Poco dopo il suo cinquantesimo compleanno, ci abbandona Stella Tennant: una donna, una modella, che ha contribuito a cambiare il concetto di bello nel mondo occidentale ed ha, a livello embrionale ma già significativo, contribuito ad aprire il dibattito sull’estetica genderless.
Stella Tennant è, senza dubbio, una delle modelle più famose dei gloriosi anni ’90.
Nel momento di maggior rilievo per la professione “modelloa”, le passerelle venivano inondate da gambe lunghissime e visi celestiali: donne alte, slanciate, con fisici asciutti e tonici. Talmente belle da ricevere il soprannome di dee, come l’appellativo di ‘Trinità’ per le top models Naomi Campbell, Linda Evangelista e Christy Turlington. Accanto a loro, Claudia Schiffer, Carla Bruni, Yasmeen Ghauri e molte altre attraversavano il mondo della moda con la loto fatale cat walk.
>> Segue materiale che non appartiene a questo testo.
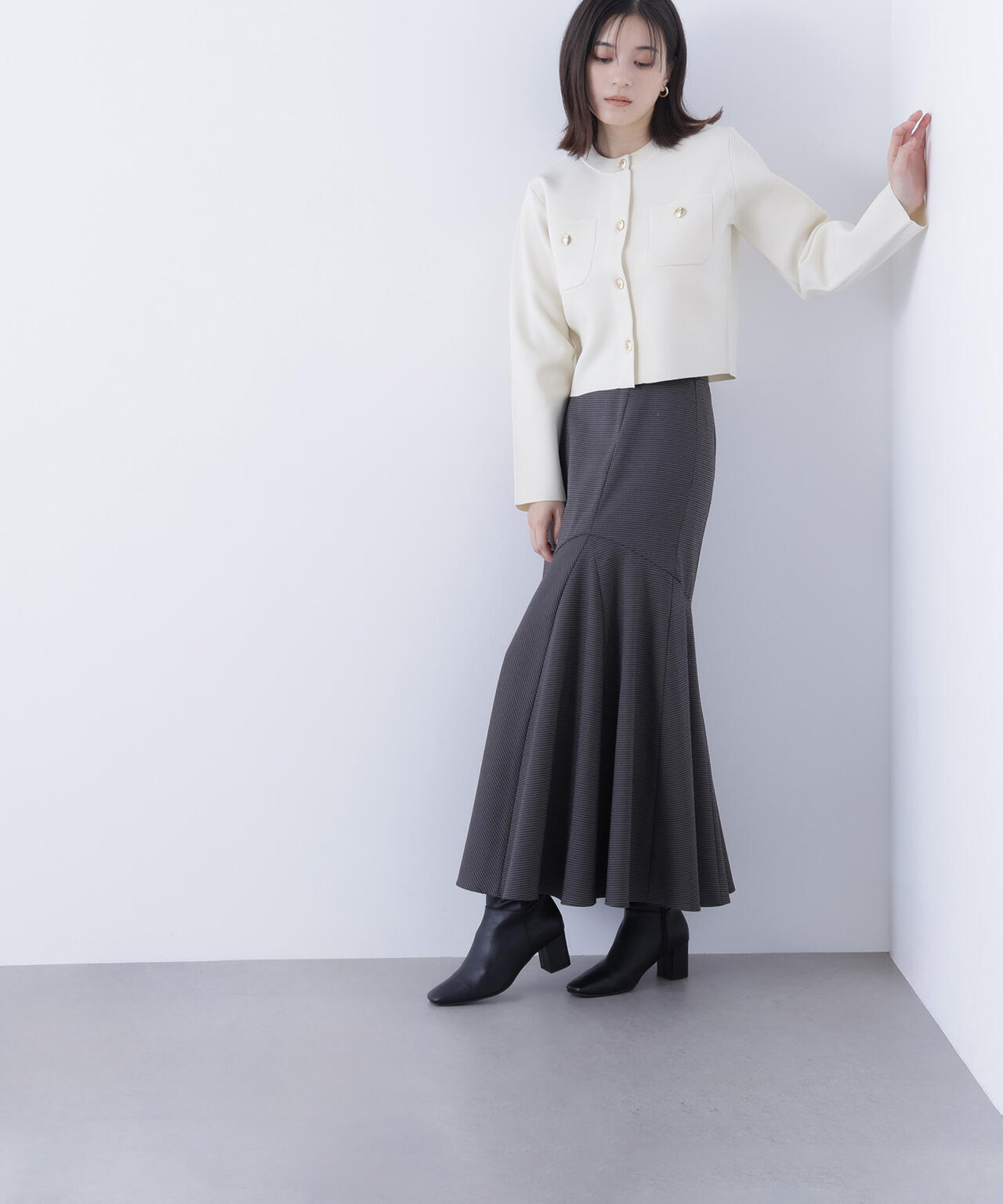 【横浜ジョイナス・mix.tokyo 限定カラー：ダークグリーン】エンブレムボタンニットジャケット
Tra queste, Stella Tennant è sicuramente l’artefice di una ‘rivoluzione estetica’ che, paragonabile alla maniera di Twiggy negli anni ’60, ha segnato una svolta per il sociale e per la moda, che non può davvero prescindere dal primo fattore: Twiggy aveva enormi occhi e fisico minuto, Stella, dal canto suo, anello al naso e capelli cortissimi.
Jeremy Scott, il Creative Director di Moschino, ricorda Stella così:
“Raffinata come una gazzella ma anche punk”.
Non era la prima volta che vedevamo una donna con i capelli corti. Non era la prima volta che vedevamo una modella con i capelli corti. Ma in quel contesto, in quel preciso momento in cui tutte le Dee in passerella erano così ‘addicted‘ ai canoni estetici femminili classici, Stella Tennant è riuscita ad introdurre una bellezza femminile davvero “punk” nel senso più primitivo del termine: qualcosa che rompe gli schemi, non si adatta né si piega ma si auto-afferma, con forza e determinazione.
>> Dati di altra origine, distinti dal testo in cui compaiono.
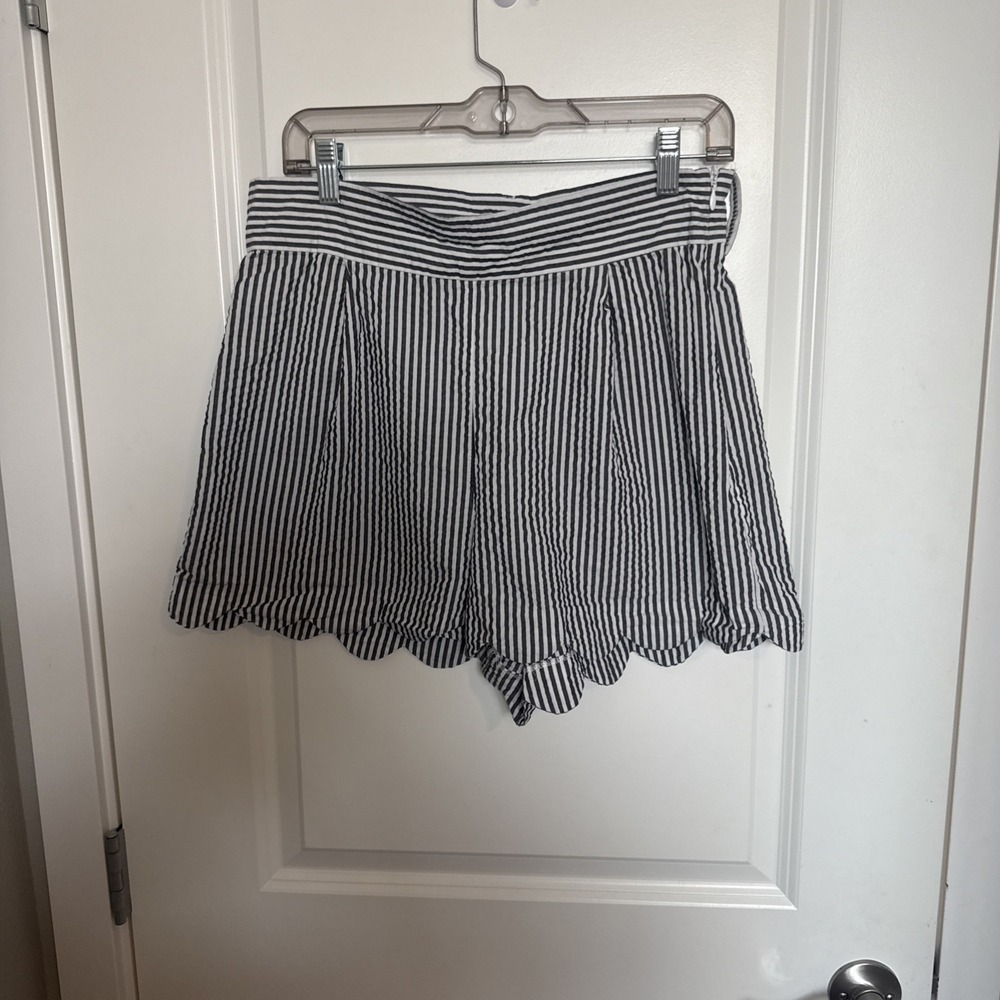 H&W Striped Ruffle‎ Shorts Side Zipper Size 12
Stella era androgina e più libera da tutti i pregiudizi che si potevano avere quando qualcuno, per caso, guardava il volto di una top model.
Per questo motivo Stella era “anche punk”, proprio come dice Jeremy Scott.
Il suo taglio di capelli divenne celebre con il nome di Pixie cut: molto più di un bob sotto l’orecchio, era una rasata di testa simile ai tagli dei cantanti pop degli anni ’80. Cortissimi dietro, con un po’ di ciuffo che cadeva sulla fronte sul davanti (già adottato da Twiggy, ma divenuto davvero iconico con Roman Polanski e il taglio dell’attrice Mia Farrow in Rosemery’s Baby).

Stella Tennant fu i capelli corti, il corpo tonico, la bellezza androgina. Ma fu anche il lusso che accoglie la spregiudicata e bellissima ribellione giovanile, sbarazzina eppure impetuosa. Una volta, lo stesso Steven Meisel racconta di come rimase quasi esterrefatto quando Stella Tennant si rifiutò di levare il piercing al naso sul set. Probabilmente quella era una delle prime volte che la moda iniziava a capire l’individualità del soggetto, ed in questo caso della modella, che non è solo un attore passivo ma contribuisce a creare un’immagine nuova in simbiosi con la creazione del designers o dello stilista.
Adesso quante volte capita di vedere “pezzi di” in un’immagine moda? In una campagna pubblicitaria? I modelli tengono i loro piercing, mostrano i loro tatuaggi al mondo (esiste qualcosa di più personale?) e ci rendono partecipi della loro, personale, storia di una vita.
Donatella Versace saluta Stella con un post su Instagram e parla dell’amore del fratello per la modella: “È stata per molti anni la musa di Gianni” afferma, ed aggiunge “Non riesco a credere che non ci sei più”.
Visualizza questo post su Instagram

Anche se dopo la maternità del primo figlio, Stella si era ritirata dalle passerelle, le sue apparizioni a volte rendevano la sfilata una piacevole sorpresa.
Questo articolo è un ricordo ed un omaggio a Stella Tennant, una gazzella punk che ricorderemo per sempre.